# [PROBLEM STATEMENT]
Exact copies of the lines from the one with "amaretti cookies with powdered sugar" through the last line of the entries, and no pictures, make up the answer.

Crawled caption data:
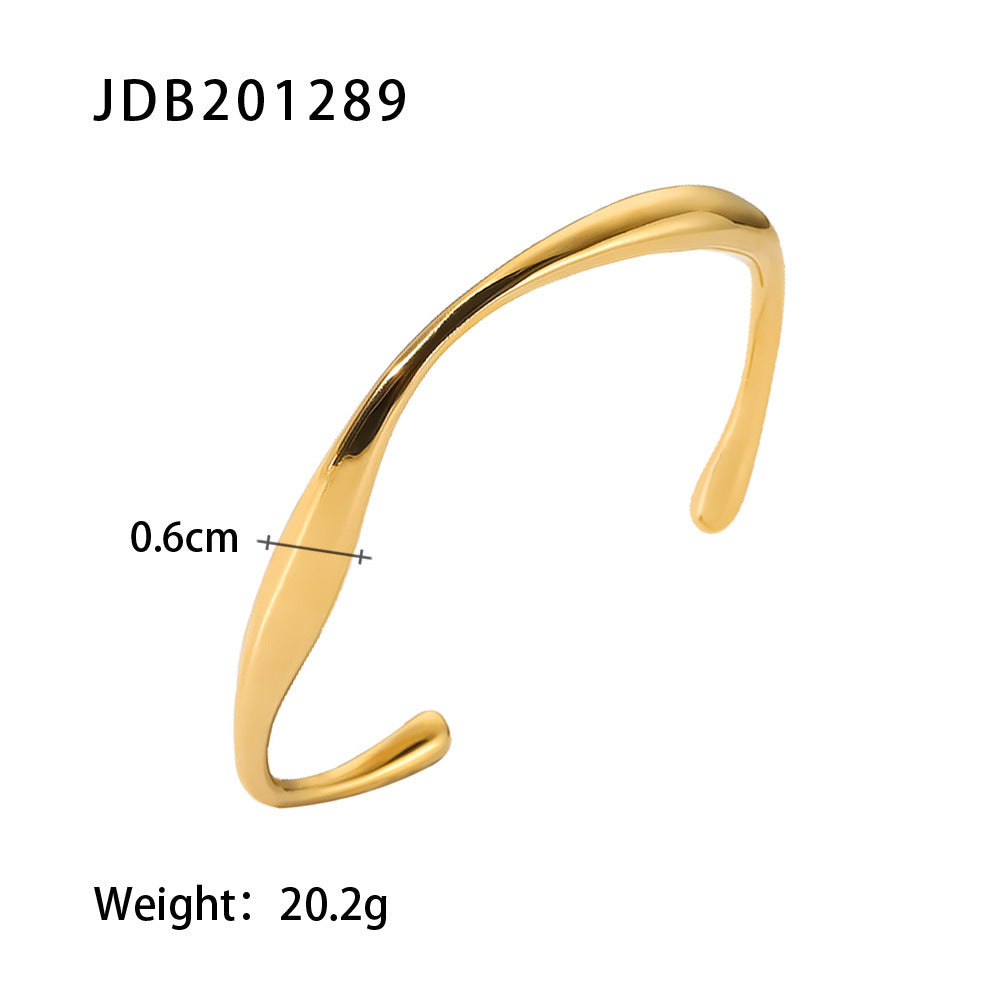 Retro Gold Bracelet | Stainless Steel Open Design for Women | Zirconia Detail | No Color Fade
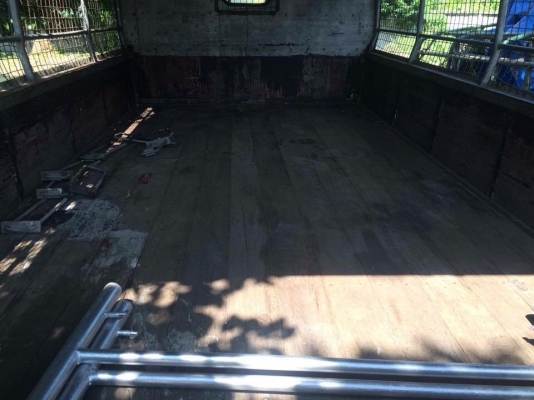 ขาย กะบะ 4 ล้อ ขนาด 1.75 x 3.20 m.   คัทซี 80 cm.  และ 70 cm.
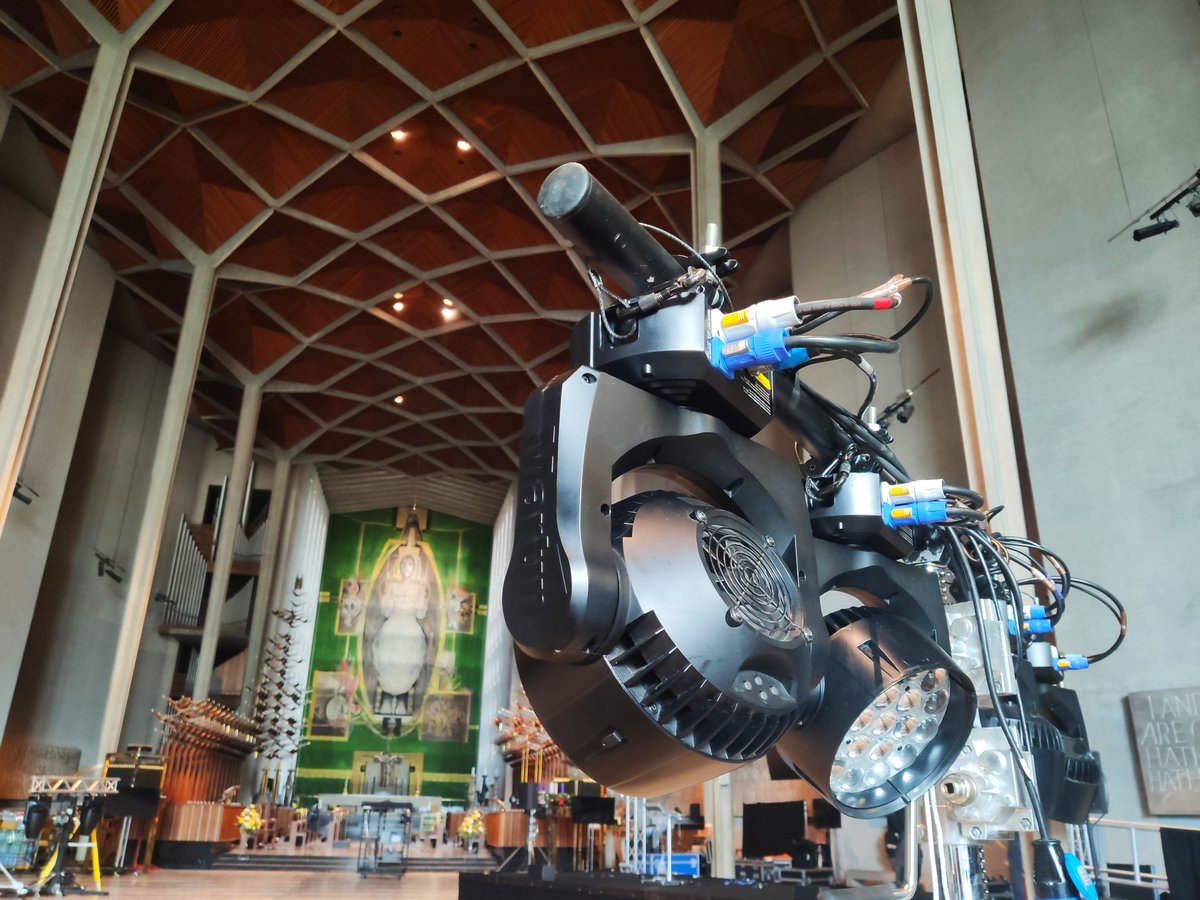 Coventry2021's tweet image. Set up is underway for today&apos;s #TurnerPrize ceremony. ✨

Follow this thread for live updates from @CovCathedral, @The_Herbert and @DrapersHallCov throughout the day!

Don&apos;t forget you can tune into the broadcast from 7.15pm: bbc.co.uk/programmes/m00…
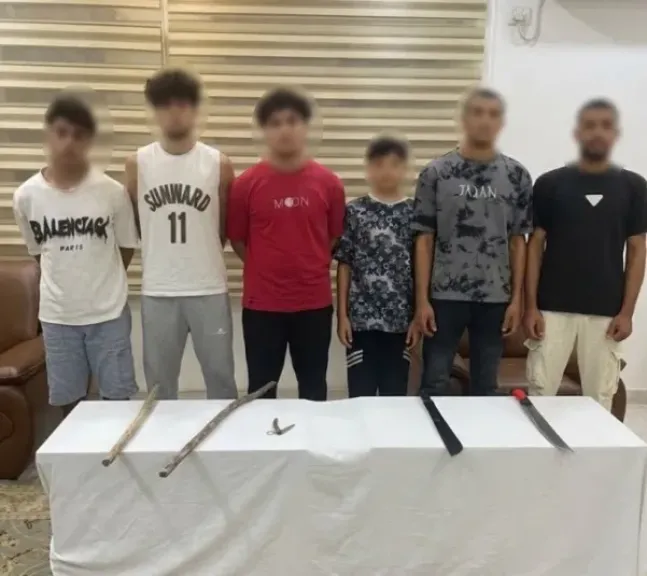 المتهمين 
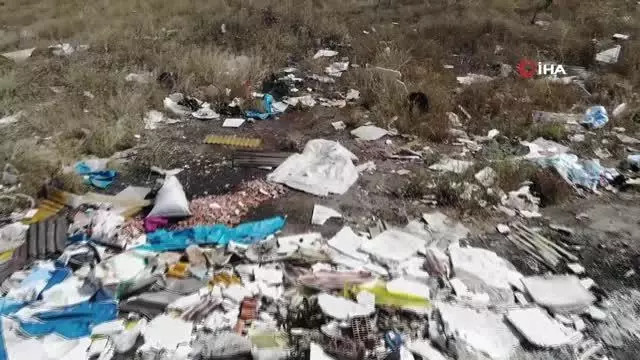 Odunpazarı'nda bir mahalle 'açık hava' çöplüğüne döndü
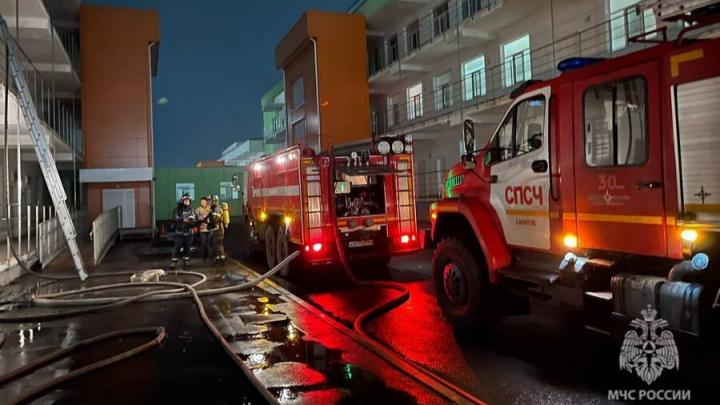 Семь человек пострадали на пожаре в инфекционной больнице Саратова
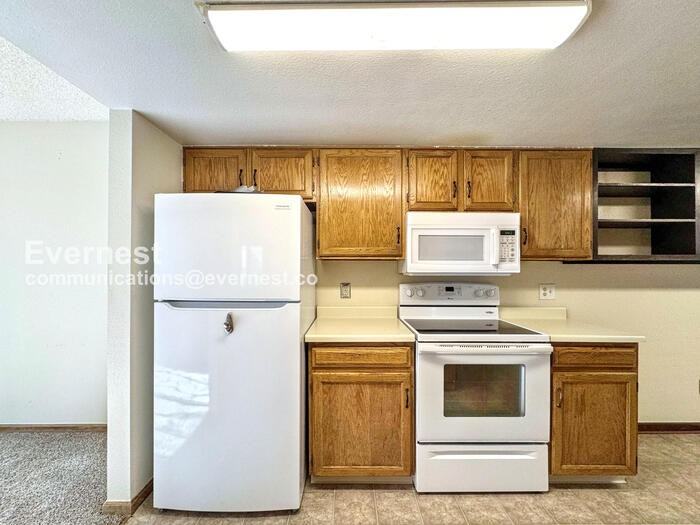 11595 E Cornell Cir - Photo 4 of 31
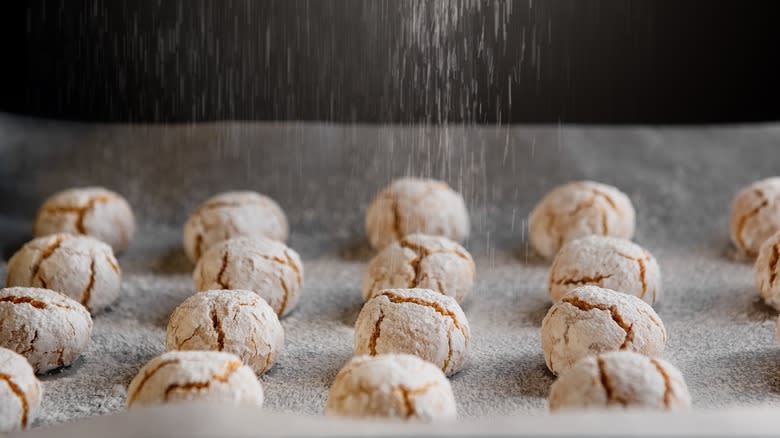 amaretti cookies with powdered sugar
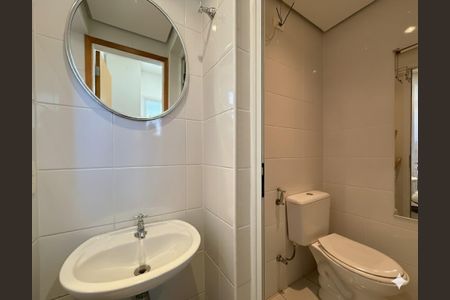 Apartamento à venda com 98m², 3 quartos e 2 vagas Apartamento à venda com 98m², 3 quartos e 2 vagasBanheiro de Serviço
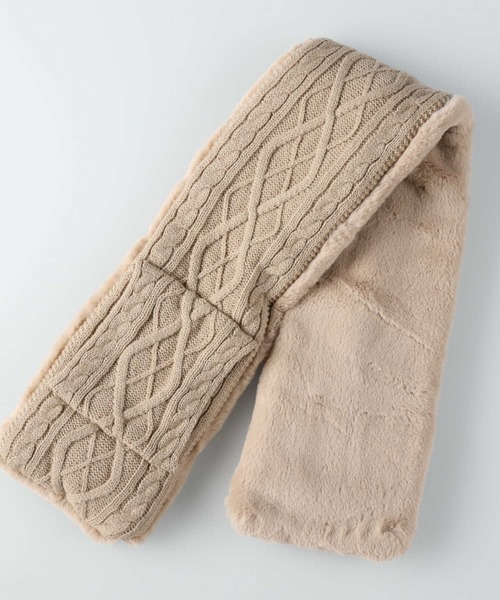 Right-on（ライトオン）の「ニット切り替ティペット（ネックウォーマー/スヌード・レディース・ベージュ/ダークグレー・ONE SIZE）」の5枚目の写真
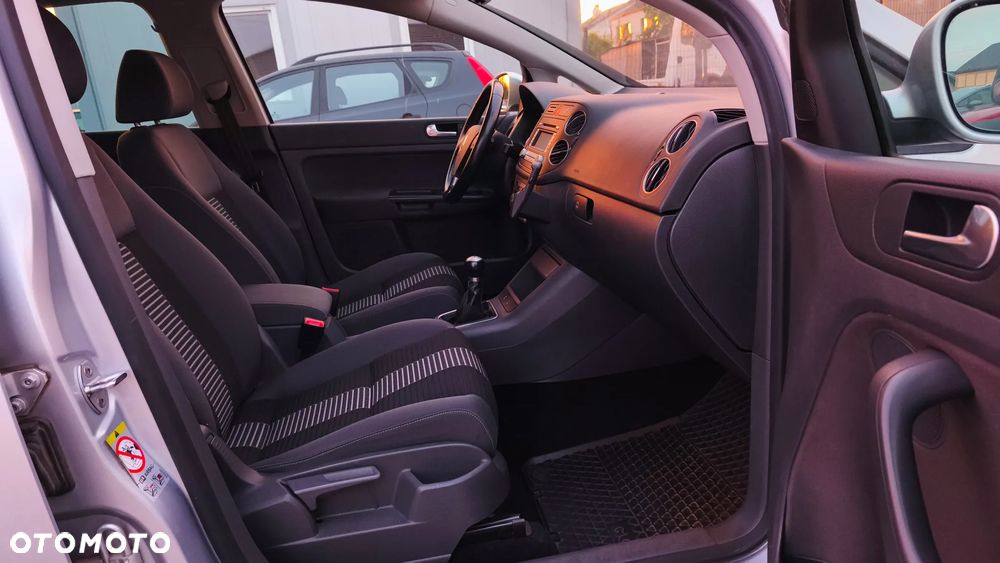 Volkswagen Golf - 23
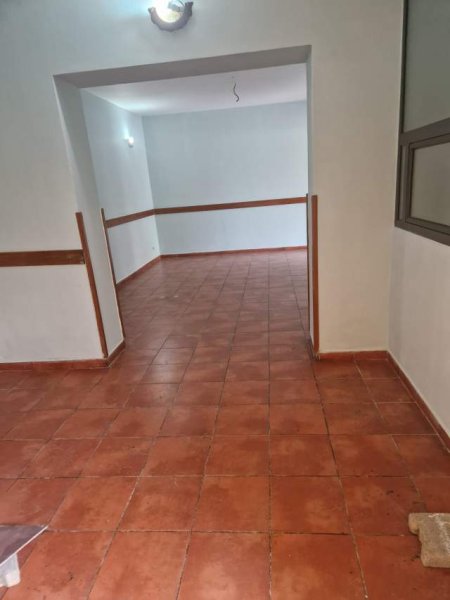 Elbasan, jepet me qera dyqan Kati 0, 25.000 Leke (Ali Myftiu)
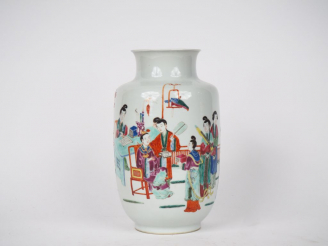 Vente aux enchères Chine, XIXe siècle,  Vase en porcelaine et émaux de style famille rose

# [ANSWER FOR THE TASK]
 amaretti cookies with powdered sugar
 Apartamento à venda com 98m², 3 quartos e 2 vagas Apartamento à venda com 98m², 3 quartos e 2 vagasBanheiro de Serviço
 Right-on（ライトオン）の「ニット切り替ティペット（ネックウォーマー/スヌード・レディース・ベージュ/ダークグレー・ONE SIZE）」の5枚目の写真
 Volkswagen Golf - 23
 Elbasan, jepet me qera dyqan Kati 0, 25.000 Leke (Ali Myftiu)
 Vente aux enchères Chine, XIXe siècle,  Vase en porcelaine et émaux de style famille rose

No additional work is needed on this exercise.